I feel much more at home in the serious, urgent, objective-focused world of Lemov's "championship teaching," but the bar remains that all kids deserve teachers who thrive in the context of their classroom. Pick your analogy - lawyers, doctors, athletes, artists, engineers - all specialize to a degree, often very early on in their training (rather than their practice.) Perhaps we should consider this for educators? I think new teachers enter the profession with very different visions of where they'll work. Few are likely to switch, from the extremes of impoverished, crowded, test-driven public schools to low-accountability, high-resource private schools. And those that do will probably immediately or never want to switch back. I've even found that many lower and upper elementary teachers specialize, though certainly some of the best I know have experience in both of these domains. Further specialization might also enable better compensation schemes and remove some of the infamous irrelevancy of education school.

Our current reality is that I have a K-8 Multiple Subjects credential, meaning that the same set of ten-odd courses prepared me to teach phonics and middle school algebra. As I teach the kids...I don't know for sure what the answer is, but I can eliminate the one that's obviously wrong.

Tuesday, March 02, 2010

Their chance, our need.

“Our kids get only one chance at an education and we need to get it right.” - President Obama

This needs to be said louder and more. Particularly to administrators who think five to eight years is an acceptable time-frame in which to improve a failing school and teachers who think next year is a great time to improve their practice.

Mathews - Teachers as Olympians

There's great merit in this notion, from Michael Goldstein and MATCH through Jay Mathews. Don't train teachers like doctors, theory first and then practice, train them like craftsmen and athletes, practice first and then theory, if they make the cut. Ice skaters don't read about physics and kinesiology before ever putting on their blades, maybe teachers should get to know kids before trying to incorporate Piaget and Vygotsky into their practice.

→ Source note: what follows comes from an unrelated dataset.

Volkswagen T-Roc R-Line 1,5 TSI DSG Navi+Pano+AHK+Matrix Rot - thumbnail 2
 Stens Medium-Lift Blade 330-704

I was originally drawn to teaching from the experiences I had working at academic summer camps and tutoring in the Chicago schools during college. Not only did it help me build a sense of how kids learn and why they fail to "get it," as they discuss in the article, but it let me taste the nectar of having made a difference. Kid comes in confused and leaves with the concept down. I made that happen. TFA's "Institute" boot camp is great for developing a sense of lesson design, but there just isn't time in six weeks to get to know kids.

I also love the idea of specific, direct feedback on "teacher talk," our language and style of presentation and instruction, our "form." The norm seems to be to let teachers develop that on their own, but that only works when it works, there seem to be few alternatives or systems for remediation. In my master's program I've been forced to videotape myself and then analyze it ad nauseam. It's an absolutely merciless form of professional development but more powerful than anything else I've read, observed or done. It forced me to get down and consider the absolute minutia of language, pacing, tone, eye contact, body language, and physical movement around the classroom, ---vital issues of my practice that I'd never really even thought about.

Interestingly, the comments on this article, even from teachers, seem to focus incessantly on the MATCH teacher's hours. Shouldn't our first year, in a new profession chock-full of challenging and urgent work, be grueling and exhausting? What would it say about the job if your first year trying you only needed fifteen minutes before and after school to get ready? The problem with teaching isn't that the first year is so hard, the problem is that the third, fourth and fifth are often just as bad.